A highly energetic mod-leaning punk band with a name that nods to death rock icons Christian Death, Spiritual Cramp spent a half-dozen years as road warriors before dialing in the songs on their debut album in the studio. Spiritual Cramp’s long-awaited self-titled album is not the kind of rowdy suburban temper tantrum that typically comes to mind with punk. They are, however, streetwise enough to not let pop take over, despite the catchy nature of their songs. That aspect is there, but their take on pop is more aligned with that of The Clash in the late ’70s.
Lyrically Spiritual Cramp take jabs at modern society in the best ways possible. While they got their start in the Bay Area hardcore scene, they’ve moved on from those grittier and more aggressive origins. When bashing through songs like “Talkin on the Internet,” they’re simply ripping through some great punk rock. “Herbert’s On Holiday” is carried by more of a laid-back, new wave-tinged shuffle. It’s representative of some of Michael Bingham’s best work, as he leans into more of a croon. Throughout the album, there is an undercurrent of ska and reggae influence, though it is most pronounced with the bounce of “City on Fire.” Spiritual Cramp do so in a manner that still retains their punk rock grit and a concealed sneer that infuses enough disdain so it never feels lightweight.
More often than not it’s the band’s attitude that exudes punk, enough to win over the cynical old guys at the bar who remind you that Corrosion of Conformity was not always a metal band.

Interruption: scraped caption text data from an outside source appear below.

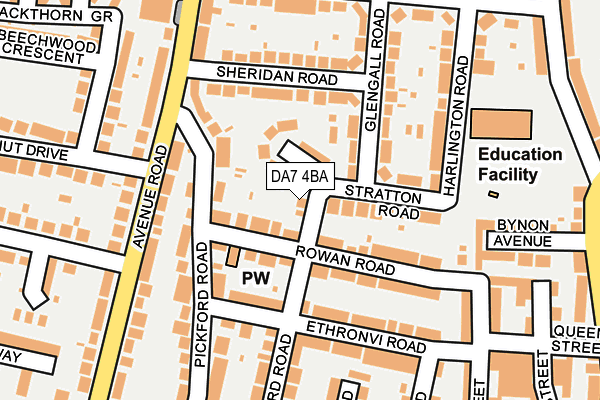 DA7 4BA map - OS OpenMap – Local (Ordnance Survey)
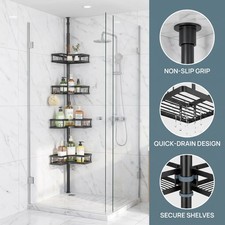 4 Tier Telescopic Bathroom Wall Corner Shelf Rack Shower Caddy Storage Organizer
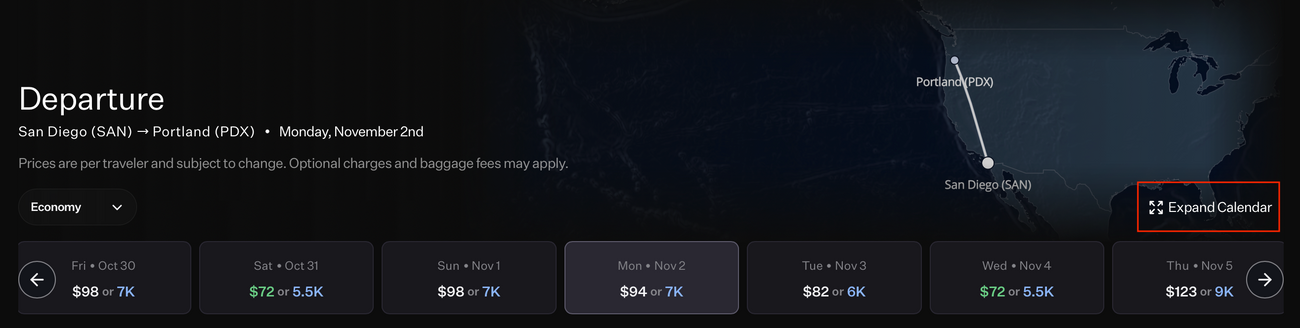 How do I access the flight calendar?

Spiritual Cramp frequently take on a commanding strut to pound the point home with songs like “Better Off This Way.” They are equally capable of grooving with a new-wave aesthetic on “Clashing at the Party” and staccato guitar riffs pumping at maximum capacity on “Catch a Hot 1,” which likewise features some excellent guitar tones captured in the studio.
The only moment of this album that feels like filler is “Can I Barrow Your Lighter,” which isn’t an ineffective song, but in the context of the album falls ever so short of the already lofty bar raised with the first eight songs. “Addict,” meanwhile, finds the band locked in a garage rock ramble that’s convincing due to one of the album’s more impassioned vocal performances. Spiritual Cramp’s debut goes beyond simply being highly entertaining, as the manner in which they give a new spin to old sounds makes this one of the best punk albums this year. Both grounded and cleverly written, it’s the best kind of bridge between old- and new-school.